The issue in the case was whether Allied Domeq’s two pension schemes
were subject to the actuarial under-pin. If so, based on agreed
evidence, although the overall amount of the contributions to be
paid during the period of the recovery plan would be the same, the
contributions would need to be “front loaded” to the tune of
£7.8 million annually across the
two schemes for the first six years of the recovery plan, which would have material consequences for the
employers’ cash flow.
The relevant rule in both schemes provided as follows: “the
Participating Companies shall collectively pay such amount by lump
sum and/or periodic payments (to be certified by the Actuary) as...
will in the opinion of the Actuary restore the solvency of the Fund;
such amount to be paid by the Participating Companies in such
proportions as the Actuary shall certify and within such period as
the Trustees may, on the advice of the Actuary, agree with the
Principal Company”. Allied Domeq argued that the role played by the
Principal Company under the rule amounted to the need for company
agreement and, hence, the actuarial underpin did not apply.
Blackburne J concluded that the first part of the rule deals with
the determination of the collective contribution rate, whereas the
second part of the rule deals with the apportionment of the
collective contribution rate between the participating companies.
The trustees and the Principal Company have no role until the second
stage is reached. Accordingly, the collective contribution rate,
which is the rate in issue, is determined by the actuary alone. From
this it follows that the actuarial underpin applies to both schemes.
This conclusion suggests that the courts will be willing to apply a
practical, rather than overly literal, interpretation of the
application of scheme specific funding requirements to particular
formulations of scheme rules.
Smithson and others -v- Hamilton [2007] EWHC 2900 (Ch)
This case related to drafting errors in scheme documents. The rule
in question provided that: (a) a deferred member who has reached age
60 can take an immediate pension; (b) he does not need either
employer or trustee consent to do so; and (c) the pension is not
subject to an actuarial reduction. The trustees and particip-ating
employers claimed that the last part of the rule, which permitted a
deferred member to take his pension early without actuarial
reduction, was a mistake. However, they did not seek rectification
(presumably because there was insufficient evidence to meet the high
standard of proof required to support such an application) and
instead sought to rely on two alternative remedies:
(i) the principle in Hastings-Bass, which has been formulated as
follows: “Where a trustee acts under a discretion given to him by
the terms of the trust, but the effect of the exercise is different
from that which he intended, the court will interfere with his
action if it is clear that he would not have acted as he did had he
not failed to take into account considerations which he ought to
have taken into account, or taken into account considerations which
he ought not to have taken into account”; or
(ii) relief in equity from the conse-quences of a mistake. It was
noted that, if the relevant rule remains in the scheme and takes
effect according to its terms, the additional costs falling on the
scheme will be substantial.
Sir Andrew Park concluded that neither remedy was available in this
case. In relation to the rule in Hastings-Bass, he noted the
following:
(a) The nature of the mistake was such that it could only be
corrected by changing the rule, as opposed to nullifying it. The
only way to change the rule retrospectively was by an order of
rectification, for which this case did not qualify. Where the rule
in Hastings-Bass applies, the effect is not to change something
which the trustees have done, but rather to set it aside altogether.

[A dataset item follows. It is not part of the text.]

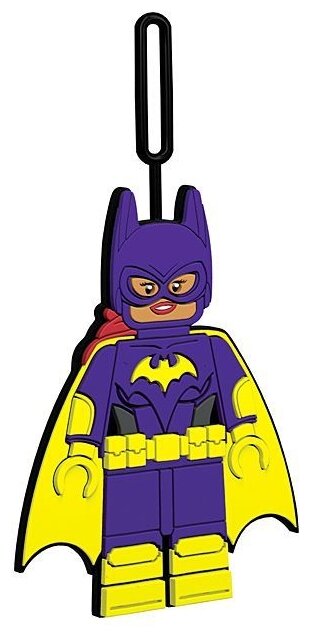 Бирка для багажа LEGO Batman Movie Batgirl (фото modal 2)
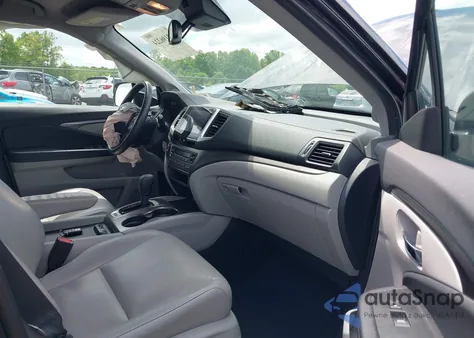 2017 Honda Pilot Ex-L из США, поврежденный, VIN 5FNYF6H67HB049027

The claimants sought to overcome this difficulty by undertaking to
introduce a new rule that does not suffer from the mistake contained
in the present one. Sir Andrew Park considered this to be
“rectification by the back door” and not an acceptable way for the
court to proceed.
(b) The rule in Hastings-Bass applies to things done by the
trustees. The adoption of the Definitive Deed and Rules containing
the rule in question was essentially an act of the employer and not
of the trustees.
(c) The rule in Hastings-Bass does not apply to all things done by
trustees: it applies to things done by trustees in respect of which
they have a fiduciary duty or responsibility to the members. The
trustees had no obligation to identify an error which was
disadvantageous to the employer but advantageous to the members.
In relation to the equitable remedy of mistake, Sir Andrew Parker
considered that the line of cases which supports the proposition
that there is an equitable jurisdiction under which voluntary
dispositions may be set aside on the grounds of mistake does not
provide support for the existence of an equitable juris-diction to
set aside a rule in a pension scheme for mistake.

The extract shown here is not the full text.